Subject: Re: rocket science
From: Tom Lord <lord@emf.net>
Date: Tue, 1 Mar 2005 09:45:07 -0800 (PST)



   From: "Stephen J. Turnbull" <stephen@xemacs.org>

       Tom> Please consider the example of the computing systems that run
       Tom> financial markets and the rise of intelligent consumerism in
       Tom> the markets that purchase those systems.

   Quite apart from Ben's points about "how financial markets actually
   work", those are not desktop systems.  I was quite clearly talking
   about desktop systems, the topic you selected; you have changed the
   subject.

I don't think I have changed the subject.  Here is why:

A computing system viewed as a whole has several components.
In the cases of programmed trading servers and power control
grids, one way to draw the component boundaries is:


    whole system ==    server engine
		    +  control/monitoring interface
		    +  human decision-making context


The server engine controls an external process (trading in one case,
power generation and routing in another).

The control/monitoring interface controls the server.

The humans control that interface. 

A class of RISKs to the whole system could be characterized by
determining the potential value (or cost) of an exploit (or failure)
of the server engine via the control/monitoring interface and
comparing that to cost (or probability) of a successful attack (or a
failure) of either the control/monitoring interface or the human
decision-making context.

For example, as I recall, if you search the RISKs list archives, you
can find a report of a power-plant control system critically monitored
from an off-the-shelf, Internet-connected Windows PC.  [I recall this
report from around the time of one of the recent big blackouts in the
U.S.]  An attacker or failure of such an interface can influence the
decisions made by the humans operating the grid.  Thus, the
grid-control software is made vulnerable by the desktop interface for
monitoring it.

It's a "where is the weakest link in the chain" question and desktop
software appears in nearly all chains -- close, by definition, to humans
making critical decisions.

There is a general rule of thumb there: the engineering goal is to
reduce the RISKs to just one: deliberate, well informed, well
understood, appropriately delegated, yet utterly stupid decisions by
humans.  Such bogus decisions are the only risk which engineering
can't mediate (they are the province of evolution and cultural
innovation).  Trace out computing systems until you reach those
decision points; secure everything on the way; refuse to build (and
consider helping to destroy) any computing system than can't be thus
reduced; insist upon and make every effort to build systems that can
be thus reduced and that "cool down" the trouble spots --- and you're
ok in my book.

So I look to markets like deep-financial[*] as drivers: premium
purchasers leading the suppliers where they need to go.

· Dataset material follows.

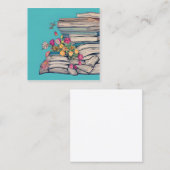 Lehrer spielen eine entscheidende Rolle bei der Ge Quadratische Visitenkarte (Vorne/Hinten)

In the FSB context I look to those markets as a hint about where we
need to collectively go (since we collectively share the development
process) if we are to retain and increase our competitiveness rather
than to fall collectively into irrelevance and ruin.


-t

[*] deep-financial 

    Not so much your bank's or trader's web site or the terminals in
    their retail offices.  More like: the ones that are a couple of
    orders of magnitude more expensive than a bloomberg terminal.